About this task
Once you find the line below that has "Abian da Garmendi", output it and every line after it exactly, stopping after the line that has "Neiman Marcus lamb", with no pictures.

Data supplied

┄┄┄┄┄┄┄┄┄┄┄┄┄┄┄┄┄┄┄┄

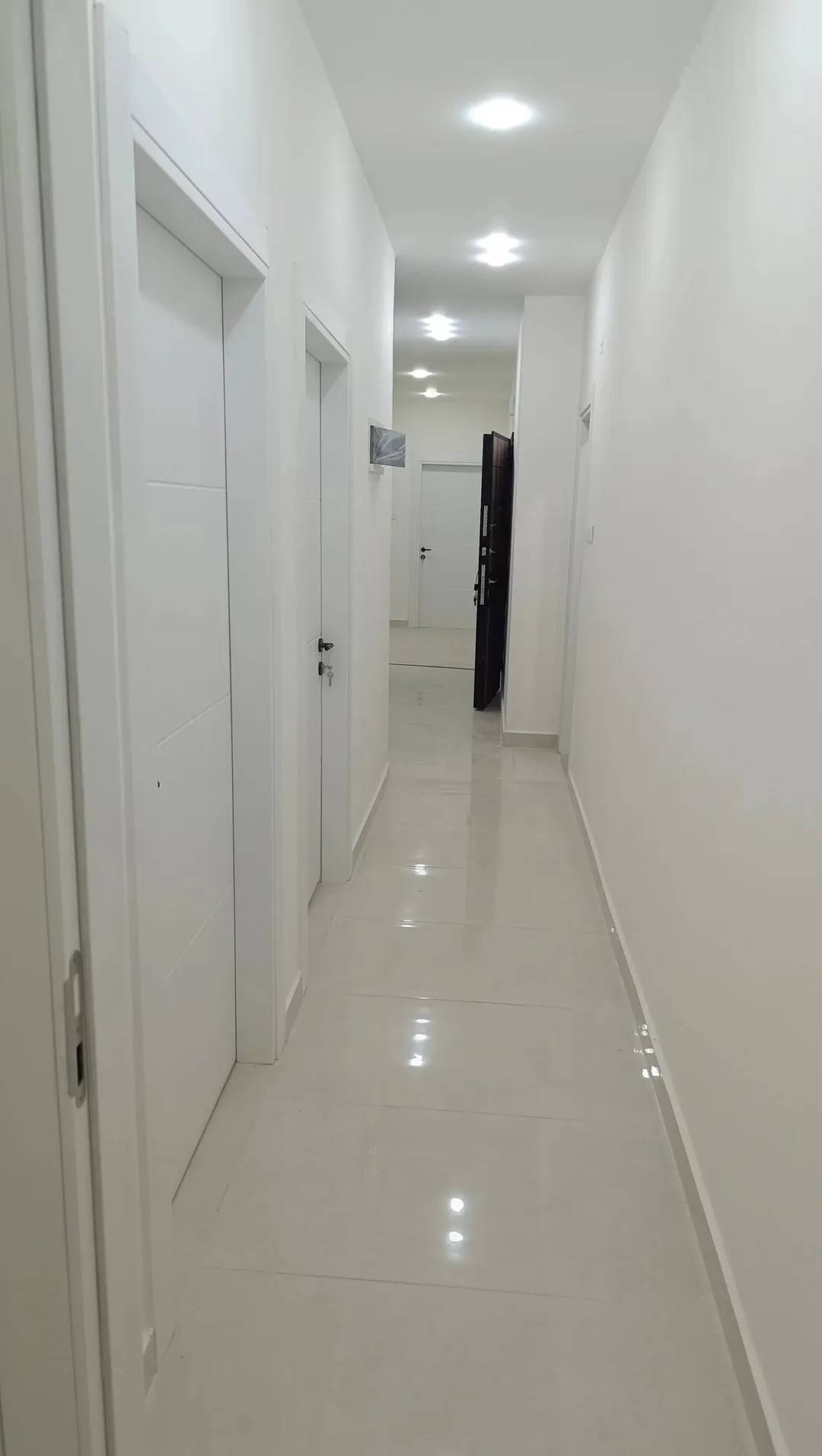 شقة للبيع في العقبة – التاسعة أهالي – تصميم هندسي وموقع مميز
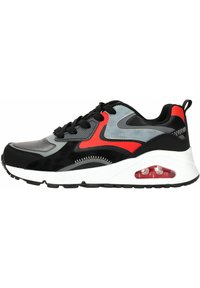 Graue, schwarze und rote Sneakers mit einem glatten Lederoberteil, Mesh- Akzenten, einer gepolsterten weißen Sohle und einem sichtbaren Luftpolster in der Ferse.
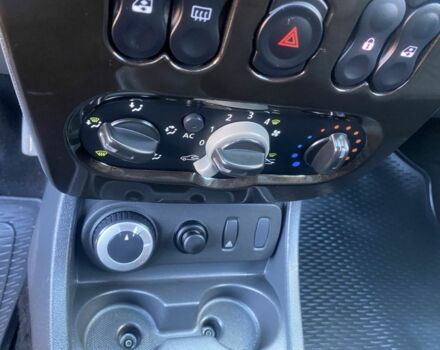 Синий Дачия Duster, объемом двигателя 1.5 л и пробегом 265 тыс. км за 9100 $, фото 16 на Automoto.ua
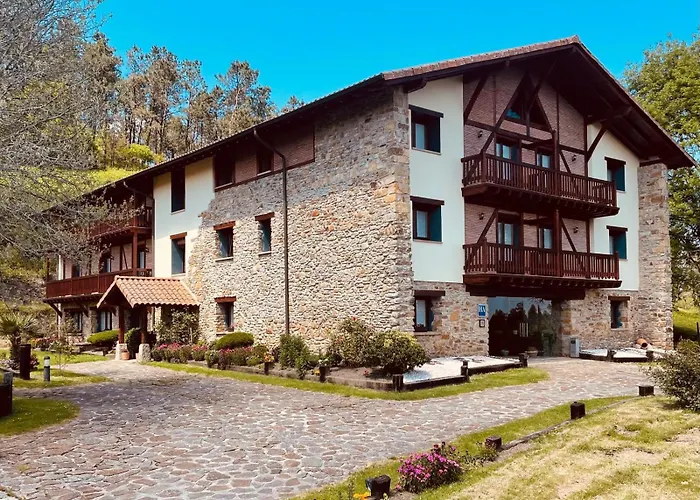 Aparthotel Rural Atxurra 3*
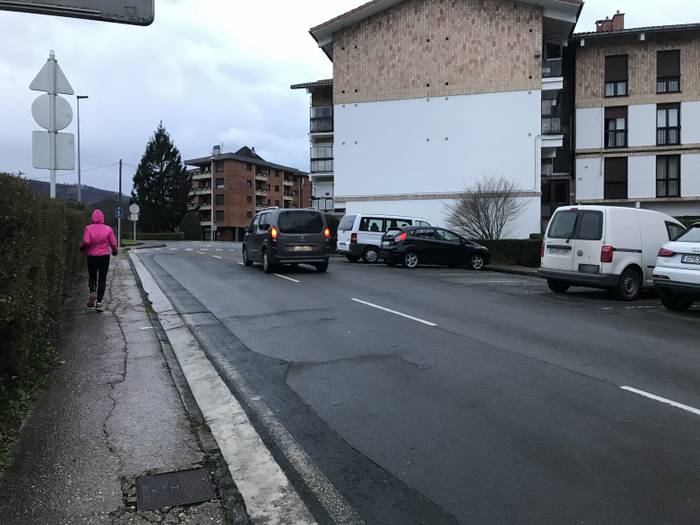 Abian da Garmendi auzuneko 9. eta 13. etxe atarien ingurua hobetzeko lehiaketa publikoa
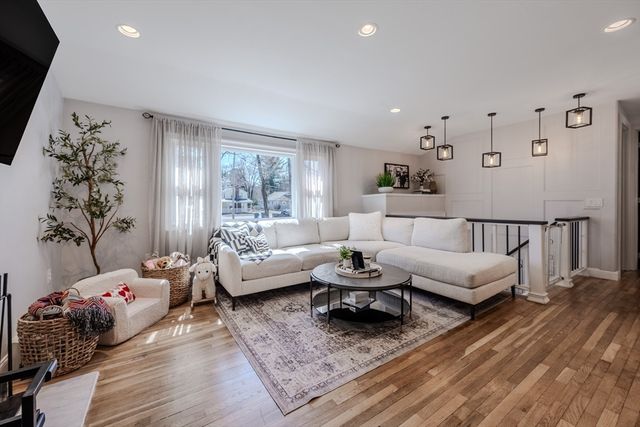 6 Third St, Tewksbury, MA 01876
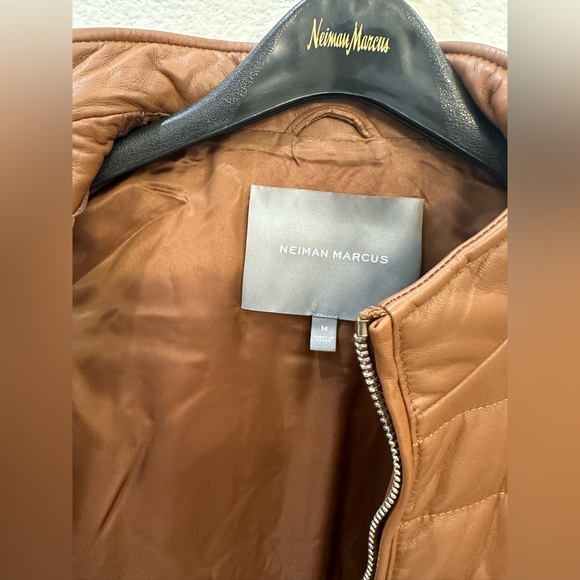 Neiman Marcus lamb leather vest - Picture 4 of 9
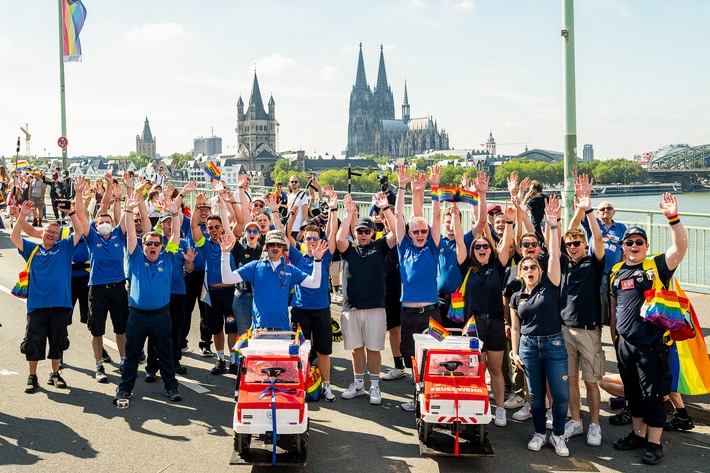 VdF-NRW: Netzwerk "Vielfalt" des Verbandes der Feuerwehren (VdF) in NRW beteiligt sich an der CSD-Demonstration in Köln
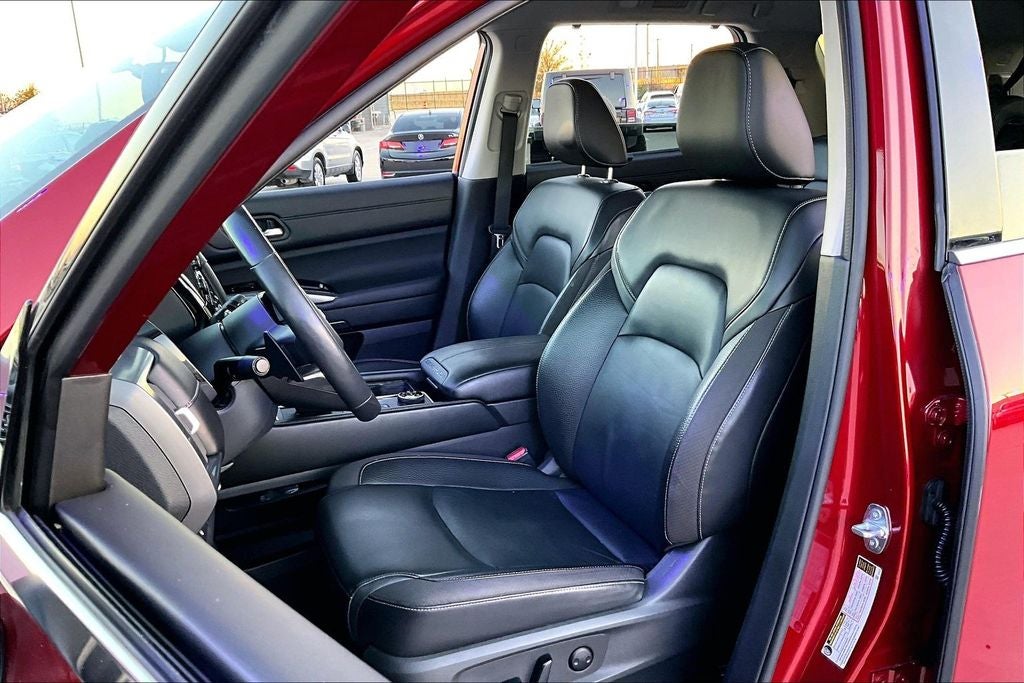 2022 Nissan Pathfinder SL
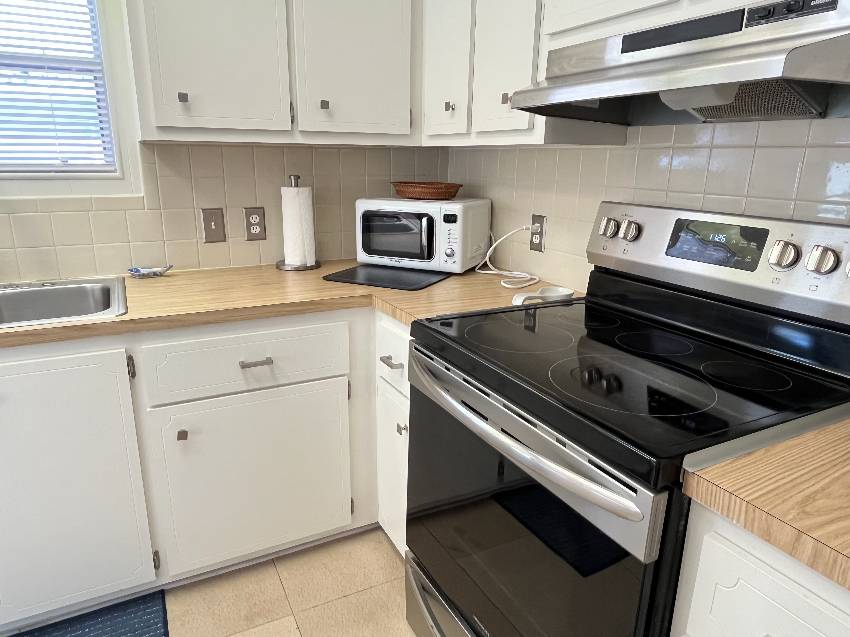 927 Xanadu a Venice, FL Mobile or Manufactured Home for Sale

┄┄┄┄┄┄┄┄┄┄┄┄┄┄┄┄┄┄┄┄

Task response
 Abian da Garmendi auzuneko 9. eta 13. etxe atarien ingurua hobetzeko lehiaketa publikoa
 6 Third St, Tewksbury, MA 01876
 Neiman Marcus lamb leather vest - Picture 4 of 9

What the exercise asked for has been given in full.